Re: Silly Portmanteaus...

If you are going to think about what the portmanteau brings up that it wasn’t intended to, think about the fact that a comic-con is a con, as in con-job or con man, and this whole TM shebang is almost comical!

Be interesting to see if San Diego Comic Fest springs up next year and causes havoc by competing with the comic con, especially if the consumers are pissed…

PaulT (profile) says:

So, they change their name from the common abbreviation for convention to the common abbreviation for festival. An abbreviation that’s in use by at least 2 film festivals I attend every year, although without the “comic” prefix in those cases.

I wonder, therefore, if this will be the end of it, or if some existing festival will get the bright idea to follow in these footsteps and pretend that another common phrase belongs exclusively to them.

By the way, I just did a quick Google search to see if anyone was using the “comic fest” before now, and was amused to see this near the top: http://www.sdcomicfest.org

That Anonymous Coward (profile) says:

It would be a pity if SDCC’s bullying legal tactics turned off the fans. Imagine fans not showing up for a big Marvel exclusive, it might make Marvel reconsider showing at SDCC. Its a huge fandom & some assholes decided they get to charge rent on all of it. If the fans get worked up this will blow up in their faces.

But then fans talk a good game, but still spend their money with companies who treat them like Ike treated Tina.

Anonymous Coward says:

As someone often struggling to come up with names for superhero character alias’ in the face of two companies who have in the past insisted they own the word superhero, the true absurdity of this situation is just how many ways are there to factually and literally convey what their event is, a convention regarding comics, before you simply aren’t allowed to call your convention what it is?

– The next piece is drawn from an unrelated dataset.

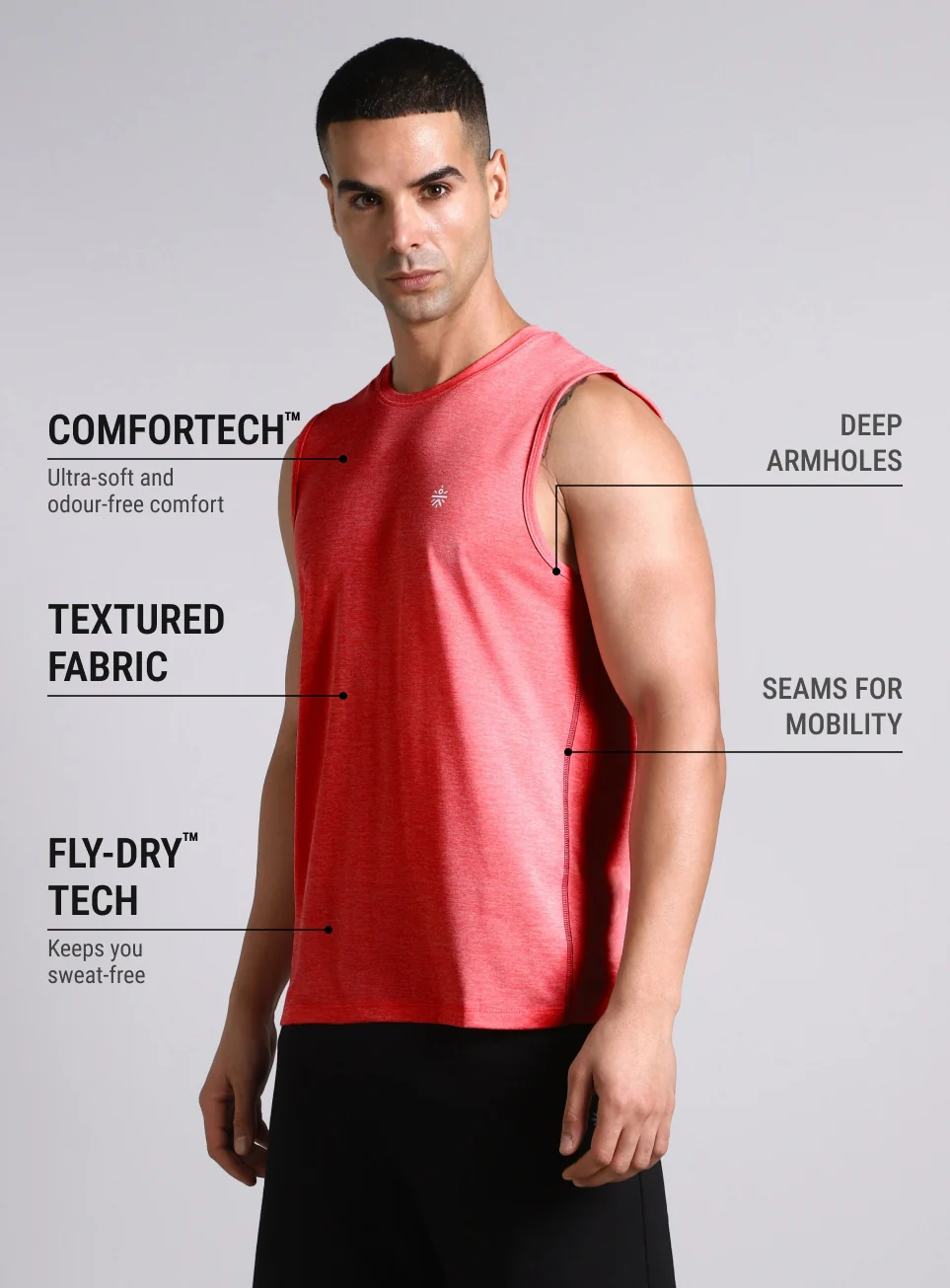 Men's Coral Training Essential COMFORtech Tank - Image 5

The absolute absurdity of this is that this is effectively perusing lawsuits for telling people what event they are attending! It’s like getting in trouble for calling your library a library, as every library I’ve ever seen does.

John85851 (profile) says:

Is SDCC even a comic book convention any more?

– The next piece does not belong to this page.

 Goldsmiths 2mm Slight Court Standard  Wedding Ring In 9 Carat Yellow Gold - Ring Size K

I know this is probably a fool’s errand, but I would almost go on the legal offensive and claim “San Diego Comic Con” is more about pop culture than comic books, and therefore, can’t own “comic con” since it’s clearly not a “comic book convention”.

Just look at the trailers, cast and crew panels, and sneak peeks for “Twilight”, “Star Trek”, “Star Wars”, and “Avatar”, none of which are comic books.
And how about the announcement of exclusive toys for “Star Wars” at SDCC… when neither toys nor movies are comic books.

It would be like me owning a show called “San Diego Auto Show” and then suing “Salt Lake City Auto Show” because I think I own the trademark on “auto show”… even though most of the vehicles at my show are motorcycles, not automobiles.

Thad (user link) says:

Re: Is SDCC even a comic book convention any more?

Eh. It’s true that there’s a lot of non-comics stuff at CCI these days. But it’s also true that you can still spend the entire weekend just attending comics panels and signings.

I’ve been to Phoenix Comicon a couple times. The crowds were pretty overwhelming, but it had a great guest list and not very many lines; you could walk right up to guys like Neal Adams, Peter David, Don Rosa, Mike and Laura Allred, Stuart and Kathryn Immonen, and Ben Templesmith, to name a few. (The only two lines I remember seeing — for comics artists and writers; there were generally lines for TV celebrities — were for Kevin Eastman, the co-creator of Teenage Mutant Ninja Turtles, and Greg Capullo, who at the time was the artist on Batman.)

Reverend Dak (profile) says:

Until a sensible judge determines that comic con or comicon is a generic term for a Comic Convention, all the competing comic cons should agree to something similar, and NOT allow SDCC to use it. Like Comic Convention. I mean, if SDCC really believed that they’re exclusively entitled to comic con or even comicon, shouldn’t the convention be called just Comic Con(tm).